Picirilli begins by giving a brief biography of Arminius that helps to place the issues in their historical context. He then tackles the issues surrounding God's sovereignty, predestination, human depravity, grace, atonement, and perseverance. Picirilli takes great care in accurately representing the Five Point Calvinist position. He quotes mostly from three highly respected Calvinists: Louis Berkof, William Sheed, and Roger Nicole. I would have liked to have seen Picirilli quote from John Calvin himself, yet the people he chose are fine representatives of his theological system.
Picirilli cogently defends conditional election and unlimited atonement. He wisely reminds his readers that "the extent of the atonement should be determined by Biblical exegesis rather than by the logic of one's system" (p. 90). It is Picirilli's detailed exegesis on 1 John 2:2 and 1 Timothy 2:1-6 in chapter seven that I found to be extremely valuable. He concludes this chapter with an important observation:
All of us who handle God's word do well to remember that we do not honor Him with our interpretive ingenuity but with submission to what He says. To say, even to show, that a given statement can be interpreted in a certain way does us no credit at all. The question is always not what the words can mean but what they do mean, here. In 1 John 2:2 and in 1 Timothy 2:1-6, the most obvious meaning of "world" and "all men" is universalistic. In these cases, careful exegesis supports the obvious meaning. (p. 137)

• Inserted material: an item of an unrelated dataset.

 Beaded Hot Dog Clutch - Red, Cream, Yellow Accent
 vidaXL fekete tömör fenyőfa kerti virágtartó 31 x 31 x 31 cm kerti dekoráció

As to be expected, Picirilli defends the biblical doctrine of prevenient grace that Arminius so vigorously held to. He prefers to call the drawing and convicting work of God on all sinners as "Pre-regenerating Grace." I take it as simply an oversight on Picirilli's part, but he does fail to mention John 12:32 in his defense of pre-regenerating grace. This is unfortunate since this verse complements the drawing of the Father mentioned in John 6:44.
In the last two chapters of the book Picirilli gives a solid defense for conditional security. There is a perceptive response that he makes "to Scriptures prized by Calvinists as teaching the necessary perseverance of the regenerate" (p. 200). He writes,
Those passages, especially in the Gospel of John, which contain strong promises of (final) salvation to believers and are therefore thought to imply necessary perseverance can not be used for that purpose lest they "prove too much." . . . For example:
He that believes...
come into condemnation
he that believes not...
Grammatically, if the first means that the condition of the believer can not be changed, then the second means that the condition of the unbeliever likewise can not be changed. In fact, neither passage is even speaking to that issue. The unbeliever can leave his unbelief, become a believer, and see life-thus escaping from the promise made to the unbeliever who continues in his unbelief. Likewise, the believer can leave his belief, become an unbeliever, and come into condemnation-thus escaping from the promise made to believers who continue in faith. Each promise applies with equal force to those who continue in the respective state described. (p. 200-201)
Picirilli goes on to convincingly argue from Hebrews 6:4-6 and 2 Peter 2:18-22, that these two passages describe an apostasy that can not be remedied. His careful exegetical analysis has convinced me that he is correct in his conclusion.
A compelling case for holding to Classical Arminianism has been made by Dr. Picirilli. Anyone who is interested in a balanced discussion and a strongly argued case for believing in conditional election, unlimited atonement, and conditional security would do well to read this book. We need more books written from this perspective that provide a detailed exegetical defense for the possibility of apostasy.